Meestal gaat het in een hut elke dag hetzelfde: opstaan, bed afhalen, rugzak inpakken, ontbijt, vertrek. Vanwege de drukte en de overvolle keuken ’s avonds koos ik nu een andere strategie: ik stuurde de kinderen direct na het aankleden naar beneden om een plekje aan een tafel te bemachtigen, terwijl ik direct aan de slag ging om het ontbijt klaar te maken. Daarna zouden we wel de boel inpakken. Deze omgekeerde volgorde werkte goed en zo zaten we vóór de hectiek al aan het ontbijt. De DNT-groep schoof ongeveer gelijktijdig aan, maar toen hadden wij de brinta al op tafel staan. De kinderen hadden opnieuw een gezellige babbel met de Nederlandse man (een voormalig burgermeester vertelde hij later).

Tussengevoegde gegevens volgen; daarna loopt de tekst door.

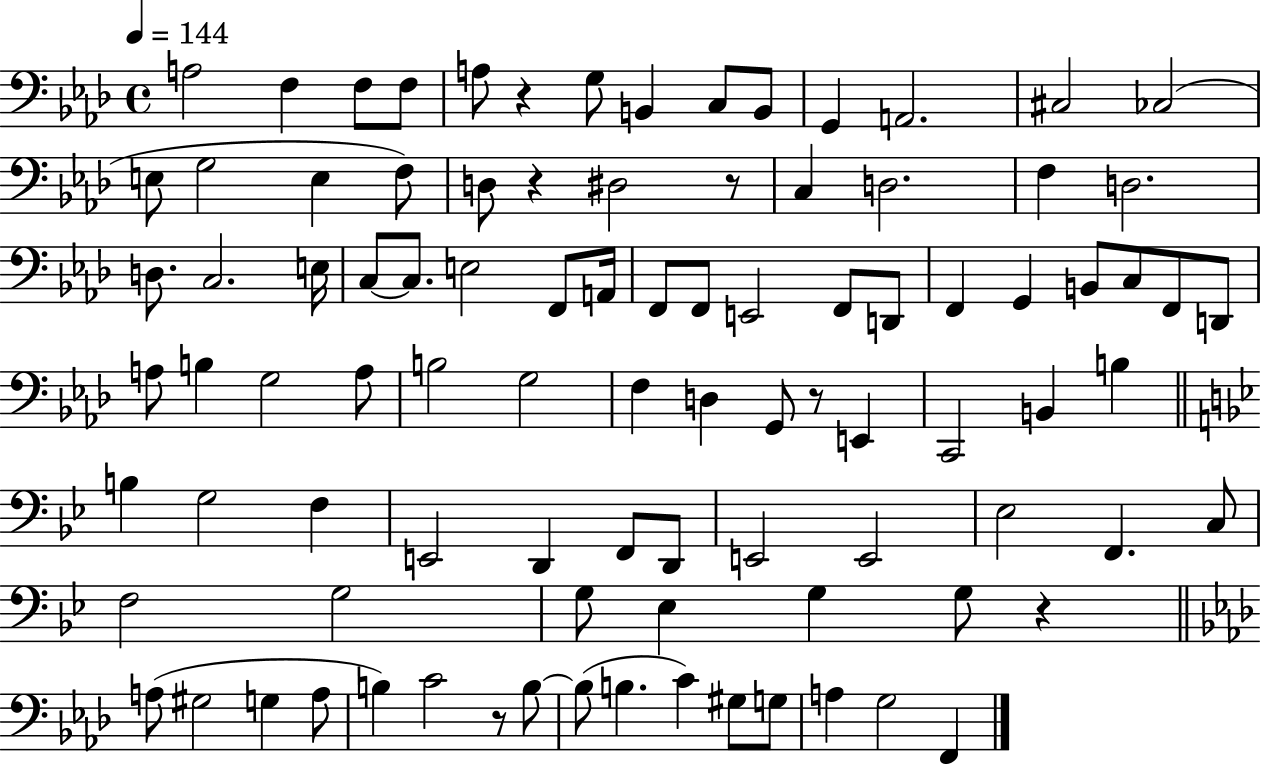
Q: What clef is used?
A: bass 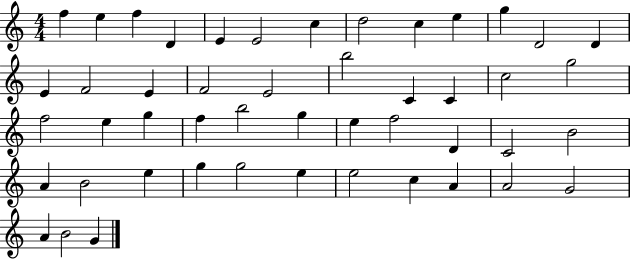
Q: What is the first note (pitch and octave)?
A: F5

En tot Renske haar grote vreugde (ze had de dag ervoor zó’n zin gehad in chocola) kregen ze een enorme reep chocola van hem. Gewoon zomaar, omdat hij het zo knap vond dat ze deze lastige trektocht liepen (en inderdaad, we kwamen verder alleen maar volwassenen tegen in de hutten, geen kinderen). Wat een leuk gebaar! Ze waren er zó blij mee!

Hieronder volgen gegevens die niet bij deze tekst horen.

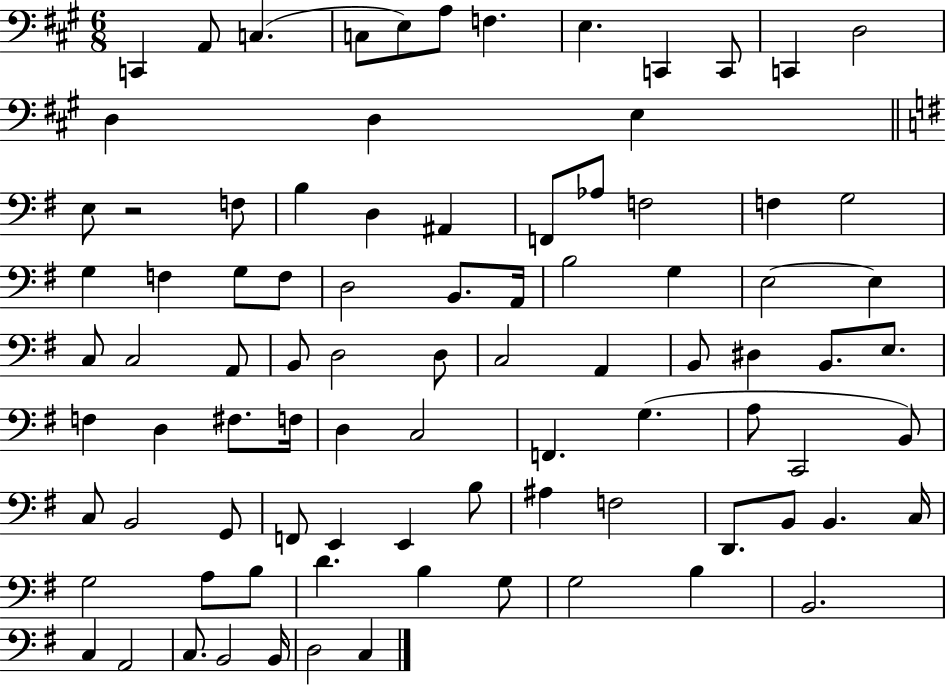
X:1
T:Untitled
M:6/8
L:1/4
K:A
C,, A,,/2 C, C,/2 E,/2 A,/2 F, E, C,, C,,/2 C,, D,2 D, D, E, E,/2 z2 F,/2 B, D, ^A,, F,,/2 _A,/2 F,2 F, G,2 G, F, G,/2 F,/2 D,2 B,,/2 A,,/4 B,2 G, E,2 E, C,/2 C,2 A,,/2 B,,/2 D,2 D,/2 C,2 A,, B,,/2 ^D, B,,/2 E,/2 F, D, ^F,/2 F,/4 D, C,2 F,, G, A,/2 C,,2 B,,/2 C,/2 B,,2 G,,/2 F,,/2 E,, E,, B,/2 ^A, F,2 D,,/2 B,,/2 B,, C,/4 G,2 A,/2 B,/2 D B, G,/2 G,2 B, B,,2 C, A,,2 C,/2 B,,2 B,,/4 D,2 C,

We vertrokken rond 9 uur ongeveer gelijktijdig met de DNT-groep en werden succes gewenst en uitgezwaaid door de twee vrouwelijke huttenwachten. De eerste zes kilometer zou het een beetje op en neer gaan langs het meer. Het was een smal, technisch paadje met een kaarsrechte diepte er direct naast. Het was dus wel oppassen geblazen. Daar had Daantje niet echt een boodschap aan en we moesten even flink boos worden om haar overmoedigheid te beteugelen. We hebben na al die jaren behoorlijk wat vertrouwen in de vaardigheden en het inschattingsvermogen van de kinderen, maar een ongeluk zit in een klein hoekje en als je pas 8 bent zie je dat niet altijd even goed. Het is bijvoorbeeld heel onhandig om op een smal richeltje onverwacht achter je vader met grote rugzak te gaan staan, die op dat moment je broer aan het helpen is.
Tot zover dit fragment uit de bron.